Researchers from the University of Cambridge, Los Alamos National Laboratory and Boston University have developed a machine learning algorithm which could predict the timing of an upcoming earthquake.
According to the report published in the journal Geophysical Review Letters, the newly developed technology could recognize hidden signals which precede an earthquake and could use it to predict an upcoming earthquake. The machine could also warn about avalanches, landslides, and similar disasters.
Prof. Colin Humphreys of Cambridge's Department of Materials Science and Metallurgy said, "This is the first time that machine learning has been used to analyse acoustic data to predict when an earthquake will occur, long before it does, so that plenty of warning time can be given – it's incredible what machine learning can do."
The research team studied interactions between earthquakes and precursor quakes, including the small earth movements, and faults in the earth crusts to develop the technology. A lab-based system has been developed which could mimic real earthquakes.
The laboratory apparatus which was built of steel blocks worked like a real earthquake scenario and made seismic signals and sounds and recorded it. Machine learning technique had been used to find relationships between signals from the faults and its proximity.
The machine learning algorithm has also identified the patterns in the sound which was detected as a precursor of the earthquakes.
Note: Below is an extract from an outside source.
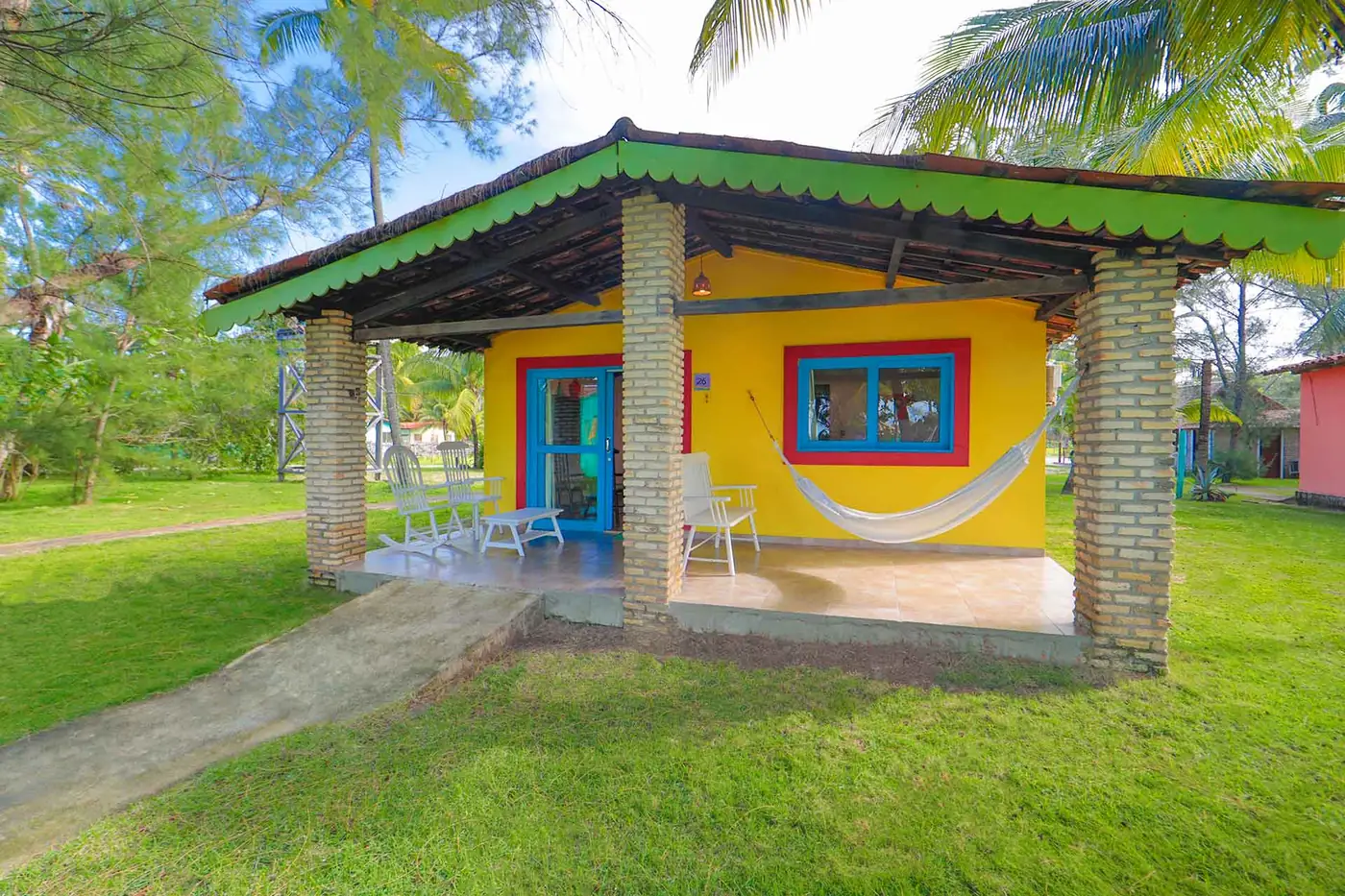 Fachada da casa ao entardecer com rede e cadeiras na varanda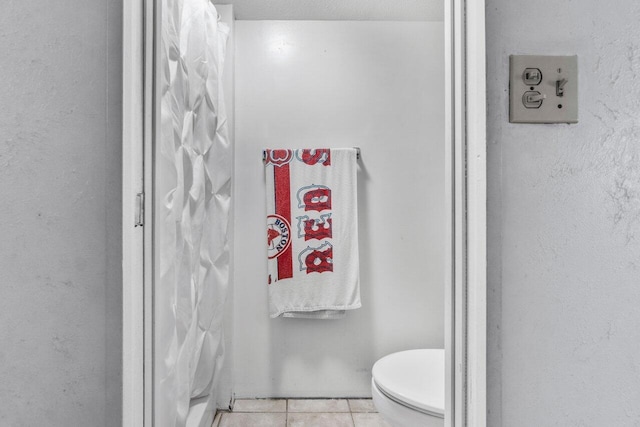 bathroom with toilet and tile patterned floors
These sound patterns were used to give precise estimates of stress on the faults and the time of the earthquake occurrence.
However, the research to predict the epicenter of the earthquakes and its frequency and magnitude are still in progress. Scientists know that there are high chances for repetition of earthquakes in a region which has already experienced one. They believed that development of a technology which could give advanced warnings of location and magnitude of an earthquake is a necessity to control the havoc caused by them.
According to the report, Bertrand Rouet-Leduc, who started the research, stated, "We're at a point where huge advances in instrumentation, machine learning, faster computers and our ability to handle massive data sets could bring about huge advances in earthquake science."